Gaining the respect of those around you means working on your soft skills. Soft skills are the set of personal behaviours or attributes that allow you to get along with other people. Unlike hard skills, which can be trained and quantified, soft skills are more nuanced and require time and practice to master - if you’re like most people, and were not naturally blessed with impeccable people skills.
And while soft skills are subtle and nuanced - there are some definite behaviours that are a definite no-go. If you find yourself struggling to remain confident and respected with others, think about whether or not you’re guilty of any of the following habits - as they all have the consequence of making others lose respect for you. Identifying a bad habit is the first step towards conquering it - so take note!

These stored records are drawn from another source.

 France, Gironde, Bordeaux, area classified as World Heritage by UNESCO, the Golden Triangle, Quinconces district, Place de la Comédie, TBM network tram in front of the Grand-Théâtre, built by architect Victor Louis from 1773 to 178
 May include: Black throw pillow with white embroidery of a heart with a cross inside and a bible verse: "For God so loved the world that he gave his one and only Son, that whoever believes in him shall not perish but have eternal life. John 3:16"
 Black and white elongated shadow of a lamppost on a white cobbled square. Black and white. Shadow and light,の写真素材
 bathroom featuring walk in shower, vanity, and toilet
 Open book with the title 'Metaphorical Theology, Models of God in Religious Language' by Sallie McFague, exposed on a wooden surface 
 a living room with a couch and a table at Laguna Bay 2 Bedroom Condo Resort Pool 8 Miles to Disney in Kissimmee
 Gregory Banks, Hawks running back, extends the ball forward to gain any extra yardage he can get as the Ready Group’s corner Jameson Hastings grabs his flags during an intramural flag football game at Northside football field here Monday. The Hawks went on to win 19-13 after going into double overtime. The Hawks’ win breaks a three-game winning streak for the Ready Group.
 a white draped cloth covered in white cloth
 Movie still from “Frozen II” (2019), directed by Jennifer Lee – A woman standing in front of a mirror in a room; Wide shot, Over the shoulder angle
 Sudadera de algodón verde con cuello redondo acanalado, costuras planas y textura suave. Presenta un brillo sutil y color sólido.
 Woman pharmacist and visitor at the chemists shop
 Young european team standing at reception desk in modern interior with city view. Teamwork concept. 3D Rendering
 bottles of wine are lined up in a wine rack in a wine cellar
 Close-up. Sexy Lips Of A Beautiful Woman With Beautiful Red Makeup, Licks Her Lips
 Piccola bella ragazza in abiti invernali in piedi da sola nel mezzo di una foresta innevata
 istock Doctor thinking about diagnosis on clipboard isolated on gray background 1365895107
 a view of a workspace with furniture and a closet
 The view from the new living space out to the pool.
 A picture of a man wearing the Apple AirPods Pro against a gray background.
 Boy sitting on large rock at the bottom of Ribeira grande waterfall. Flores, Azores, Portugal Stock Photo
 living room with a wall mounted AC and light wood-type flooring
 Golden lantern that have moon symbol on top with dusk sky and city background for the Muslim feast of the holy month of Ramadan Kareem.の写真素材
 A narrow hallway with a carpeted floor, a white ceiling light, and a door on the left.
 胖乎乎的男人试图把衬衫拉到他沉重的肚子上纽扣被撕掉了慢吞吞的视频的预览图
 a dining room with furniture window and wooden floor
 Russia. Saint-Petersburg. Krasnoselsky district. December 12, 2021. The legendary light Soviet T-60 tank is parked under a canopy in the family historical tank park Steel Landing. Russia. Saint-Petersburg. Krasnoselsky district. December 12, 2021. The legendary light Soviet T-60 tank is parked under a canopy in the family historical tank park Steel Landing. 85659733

1. Undermining your own ideas
Do you have a habit of beginning a pitch with “Maybe this won’t” or “I don’t know if this is a good idea”? The likelihood is, you’re afraid of sounding condescending or overconfident, and are prefacing your ideas this way as a self-defence mechanism. In reality, this only serves to weaken other people’s confidence in your ideas. If you don’t believe in what you have to say, why should anybody else? Instead of beginning your pitch from a negative standpoint, aim to flip this on its head and show confidence in the ideas you put forth.
2. Slouching
It’s no secret that only a minute part of communication is verbal. Psychologists believe that anywhere between 70 and 93 percent of communication is in fact nonverbal. This means that even if you’ve perfected your pitch in terms of the words you’ll use - a poor presentation will mean it all counting for nothing. Slouching is one of the worst physical signs you can give someone you’re trying to pitch to. When sharing an idea, confidence is key - maintaining good posture and standing up straight will project an air of confidence that wins respect.
3. Speaking too softly
Another crucial element of communication is not what you say, but how you say it. Speaking too softly gives the impression that you yourself don’t have confidence in whatever it is you’re saying. What’s more, speaking too softly hampers your social success for the simple reason that if people can’t give you a proper answer if they can’t hear what you’ve said. Speaking softly gives more confident and outspoken people the opportunity to talk over you and undermine what you have to say. Learning to speak with a strong, resolute tone will ensure that you are heard, and that people want to listen.
4. Speaking too fast
Speaking too fast is a common problem in communication that inhibits people from listening to what you have to say. When you speak too quickly, your audience misses out on the chance to hear what you have to say and properly chew on each and every idea. Taking the time to pause and offer your audience a moment for consideration is crucial to making sure your message hits home. Even if it’s the result of excitement or anxiety, speaking too quickly can unfortunately have the effect of making you seem aggressive or panicky, and be very off putting to an audience of listeners. If you find yourself struggling with talking too fast, try to take a pause every few seconds and make sure to keep a steady pace of breath. Speaking with a comfortable pace puts your audience at ease and makes them more likely to listen to what you have to say.
5. Agreeing too quickly
To you, it may be an attempt at projecting friendliness or enthusiasm to your colleagues, but in reality when you are over-eager to agree to something, it can have the unintended consequence of making people lose respect for you. When you agree too quickly to whatever other people want from you, you may quickly find yourself being walked all over. In any social setting, it’s important to maintain a strong sense of self so that you can create boundaries around what you are and are not willing to do.
6. Beating around the bush
If you have something to say, it’s best to simply say it straight. Even if you’re just trying to be polite, being indirect and beating around the bush will only make it more difficult for people to understand your point. Try to have a good feeling for exactly what you want to get across before you start speaking, to ensure that you stick to the point. When you speak directly to others, they are more likely to give you a direct answer.
Don’t shoot yourself in the proverbial foot with one of these bad habits - improve your social soft skills by tackling these social faux pas today!